When Surgery Makes Sense
Surgery is reserved for cysts that are large, painful, or keep coming back despite conservative treatment. It’s also necessary when the underlying cause is a structural problem that won’t heal on its own, like a significant ligament tear or a broken bone in the knee.
The most common surgical approach is arthroscopic, meaning the surgeon works through small incisions using a camera and specialized instruments. This allows them to both remove the cyst and repair damage inside the joint at the same time. Addressing the internal damage is the critical step because it stops the cycle of excess fluid production. In studies of arthroscopic cyst removal, the recurrence rate has been reported as low as 5% when the procedure includes treating the joint damage.
Recovery from arthroscopic surgery varies based on how much repair work was done inside the knee. Simple cyst removal may have you back to normal activities within a few weeks, while a combined cyst removal and meniscus repair could take several months of rehabilitation. Physical therapy after surgery follows the same principles as conservative treatment: restoring range of motion first, then progressively strengthening the muscles around the knee.

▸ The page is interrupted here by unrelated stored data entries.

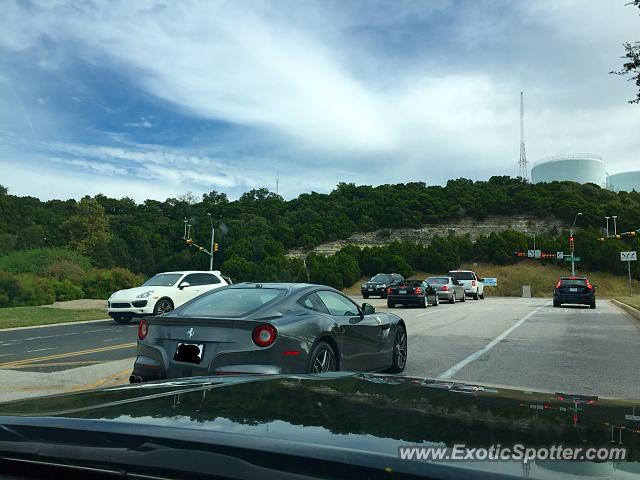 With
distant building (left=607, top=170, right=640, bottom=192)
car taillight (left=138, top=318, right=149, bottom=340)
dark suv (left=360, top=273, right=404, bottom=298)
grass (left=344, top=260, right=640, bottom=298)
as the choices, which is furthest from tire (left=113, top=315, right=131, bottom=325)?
distant building (left=607, top=170, right=640, bottom=192)

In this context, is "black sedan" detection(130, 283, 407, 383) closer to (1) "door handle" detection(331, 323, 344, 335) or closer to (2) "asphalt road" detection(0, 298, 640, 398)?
(1) "door handle" detection(331, 323, 344, 335)

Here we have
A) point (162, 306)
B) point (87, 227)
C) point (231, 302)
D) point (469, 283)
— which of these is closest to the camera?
point (231, 302)

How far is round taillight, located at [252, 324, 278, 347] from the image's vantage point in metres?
5.84

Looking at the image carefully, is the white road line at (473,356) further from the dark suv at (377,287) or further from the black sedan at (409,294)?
the dark suv at (377,287)

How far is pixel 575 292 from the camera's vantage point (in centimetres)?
2936

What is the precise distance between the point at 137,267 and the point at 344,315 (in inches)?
2743

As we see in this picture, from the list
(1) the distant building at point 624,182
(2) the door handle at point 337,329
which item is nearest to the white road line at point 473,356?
(2) the door handle at point 337,329

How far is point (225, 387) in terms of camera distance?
3387 mm

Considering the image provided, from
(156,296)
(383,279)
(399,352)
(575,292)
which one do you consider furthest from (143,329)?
(383,279)

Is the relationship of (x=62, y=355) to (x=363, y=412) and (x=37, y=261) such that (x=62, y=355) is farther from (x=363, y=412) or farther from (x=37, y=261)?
(x=37, y=261)

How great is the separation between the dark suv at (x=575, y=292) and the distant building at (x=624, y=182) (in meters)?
104

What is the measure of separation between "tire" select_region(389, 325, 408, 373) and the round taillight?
9.91ft

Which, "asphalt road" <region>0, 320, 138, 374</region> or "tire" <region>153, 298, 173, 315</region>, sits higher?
"tire" <region>153, 298, 173, 315</region>

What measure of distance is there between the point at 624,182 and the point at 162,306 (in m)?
127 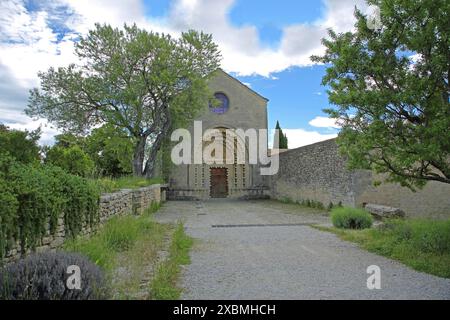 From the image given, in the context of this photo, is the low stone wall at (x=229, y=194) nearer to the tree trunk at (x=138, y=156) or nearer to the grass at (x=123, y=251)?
the tree trunk at (x=138, y=156)

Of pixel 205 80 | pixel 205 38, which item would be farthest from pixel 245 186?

What a Ruptured Cyst Feels Like
Sometimes a Baker’s cyst ruptures on its own, releasing its fluid into the calf. This causes sudden sharp pain behind the knee, swelling in the calf, and sometimes redness that can look alarmingly similar to a blood clot (deep vein thrombosis). If you experience sudden calf pain and swelling, it’s important to get evaluated promptly because the symptoms overlap significantly with a DVT, which is a medical emergency. An ultrasound can quickly distinguish between the two.

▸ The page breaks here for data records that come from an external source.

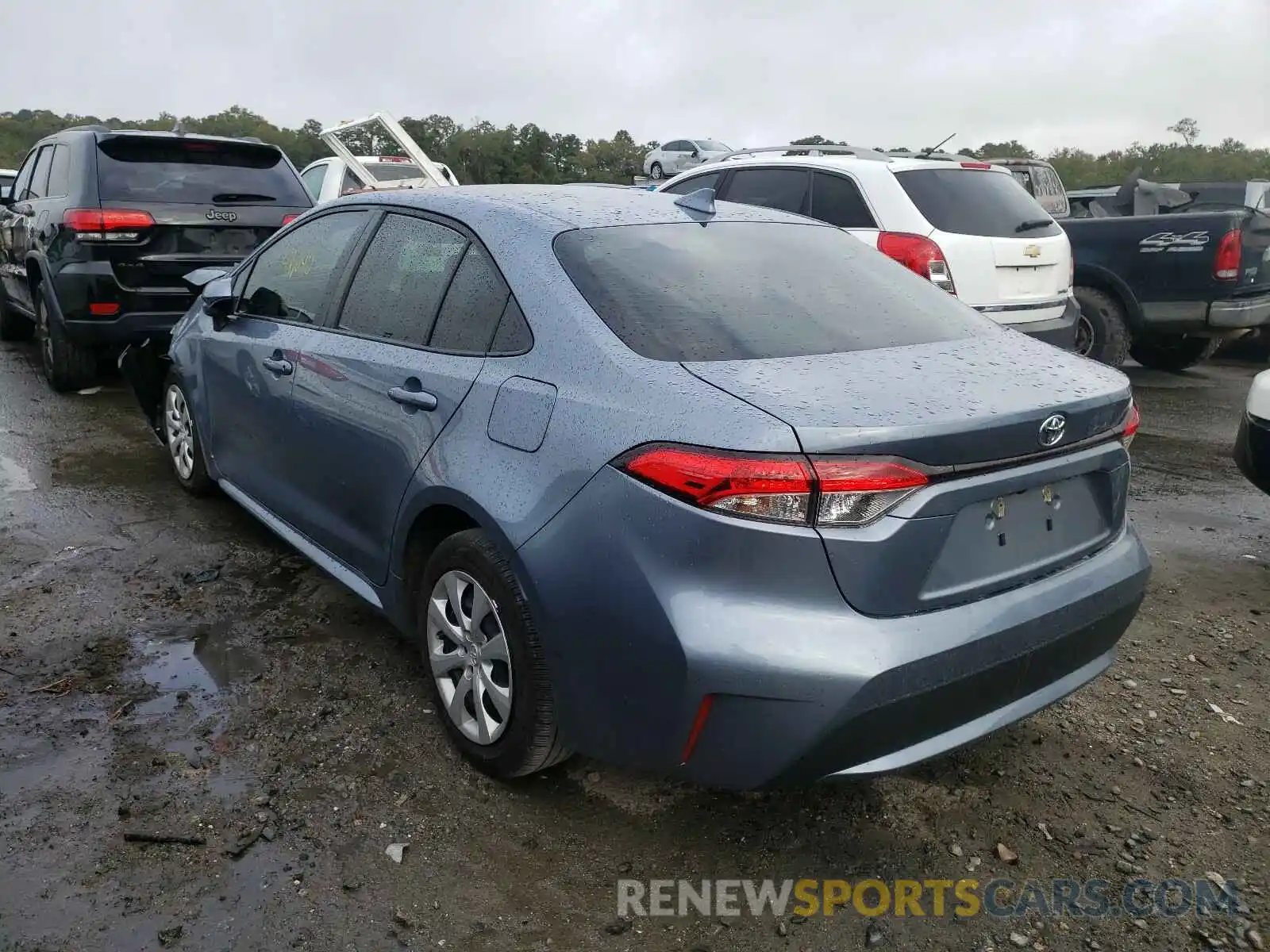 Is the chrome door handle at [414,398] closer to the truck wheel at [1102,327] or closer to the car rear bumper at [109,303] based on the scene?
the car rear bumper at [109,303]

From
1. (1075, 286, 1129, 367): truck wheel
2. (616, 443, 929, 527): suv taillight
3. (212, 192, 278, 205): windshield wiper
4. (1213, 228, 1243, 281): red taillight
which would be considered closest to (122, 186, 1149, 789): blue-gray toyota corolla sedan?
(616, 443, 929, 527): suv taillight

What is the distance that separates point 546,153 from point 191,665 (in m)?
38.4

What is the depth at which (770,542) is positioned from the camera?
2.13 meters

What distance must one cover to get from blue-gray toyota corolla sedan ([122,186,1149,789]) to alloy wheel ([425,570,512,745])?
0.01 metres

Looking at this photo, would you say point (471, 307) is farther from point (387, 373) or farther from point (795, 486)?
point (795, 486)

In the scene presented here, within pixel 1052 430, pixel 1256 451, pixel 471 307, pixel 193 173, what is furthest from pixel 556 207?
pixel 193 173

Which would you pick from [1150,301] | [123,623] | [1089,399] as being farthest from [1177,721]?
[1150,301]

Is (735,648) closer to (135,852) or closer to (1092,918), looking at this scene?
(1092,918)

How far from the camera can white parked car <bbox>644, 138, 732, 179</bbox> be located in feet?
103

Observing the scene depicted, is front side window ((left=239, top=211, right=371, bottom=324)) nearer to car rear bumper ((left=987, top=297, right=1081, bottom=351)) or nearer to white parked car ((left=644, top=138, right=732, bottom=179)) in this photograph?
car rear bumper ((left=987, top=297, right=1081, bottom=351))

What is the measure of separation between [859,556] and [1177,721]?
69.7 inches

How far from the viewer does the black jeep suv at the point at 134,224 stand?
657cm

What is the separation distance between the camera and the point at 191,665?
3.52 meters

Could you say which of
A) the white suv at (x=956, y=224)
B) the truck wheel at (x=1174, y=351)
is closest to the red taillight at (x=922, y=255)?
the white suv at (x=956, y=224)
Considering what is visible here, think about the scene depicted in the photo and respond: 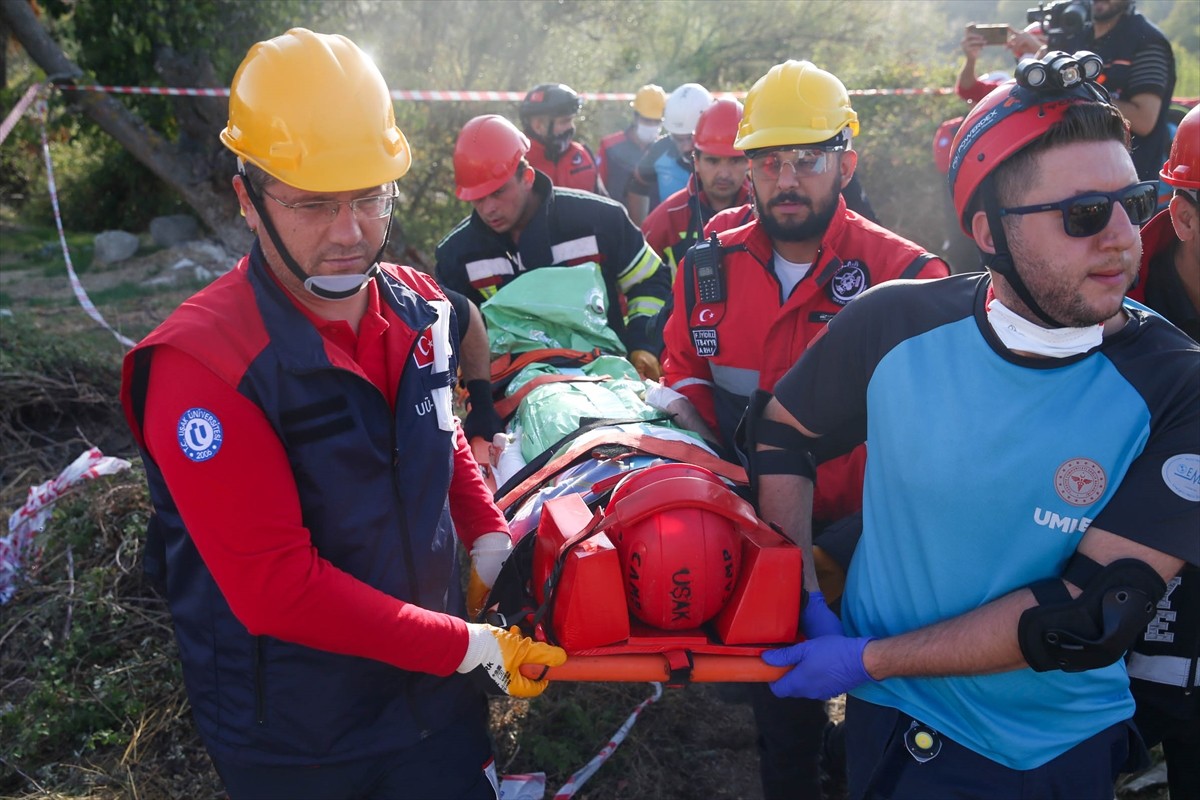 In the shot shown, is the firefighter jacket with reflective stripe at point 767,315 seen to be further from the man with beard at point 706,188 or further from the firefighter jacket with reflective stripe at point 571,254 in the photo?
the man with beard at point 706,188

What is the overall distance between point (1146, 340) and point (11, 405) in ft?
17.5

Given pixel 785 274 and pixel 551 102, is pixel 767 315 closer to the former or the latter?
pixel 785 274

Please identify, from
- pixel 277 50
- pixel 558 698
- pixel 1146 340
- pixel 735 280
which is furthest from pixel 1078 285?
pixel 558 698

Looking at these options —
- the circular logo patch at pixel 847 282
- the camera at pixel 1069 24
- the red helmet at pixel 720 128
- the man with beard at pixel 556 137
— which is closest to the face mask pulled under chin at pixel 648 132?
the man with beard at pixel 556 137

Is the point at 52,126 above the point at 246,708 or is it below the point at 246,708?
below

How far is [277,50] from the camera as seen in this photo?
1.82 metres

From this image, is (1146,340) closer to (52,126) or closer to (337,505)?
(337,505)

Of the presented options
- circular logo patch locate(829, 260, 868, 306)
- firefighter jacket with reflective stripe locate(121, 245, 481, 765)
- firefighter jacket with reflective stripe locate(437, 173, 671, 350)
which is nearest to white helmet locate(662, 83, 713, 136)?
firefighter jacket with reflective stripe locate(437, 173, 671, 350)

A ruptured cyst, while painful, isn’t dangerous. The fluid is reabsorbed by your body over a few weeks. Ice, elevation, and anti-inflammatories help manage the discomfort during that time. The cyst itself may or may not reform afterward, depending on whether the knee is still producing excess fluid.
Realistic Expectations for Recovery
Small Baker’s cysts caused by temporary inflammation often resolve within a few weeks of rest and home care. Cysts driven by chronic conditions like osteoarthritis tend to be more persistent and may require periodic aspiration or ongoing management of the arthritis itself. For these cases, “getting rid of” the cyst is less about a one-time fix and more about controlling the joint inflammation that feeds it.
The single most effective thing you can do is identify what’s causing your knee to produce excess fluid. A cyst that appears after a sports injury has a different treatment path than one that develops gradually alongside joint stiffness and morning pain. Imaging, usually an MRI or ultrasound, can clarify what’s happening inside the joint and guide the right approach. Treating the cyst in isolation, without understanding the underlying cause, is the most common reason people find themselves dealing with the same problem again months later.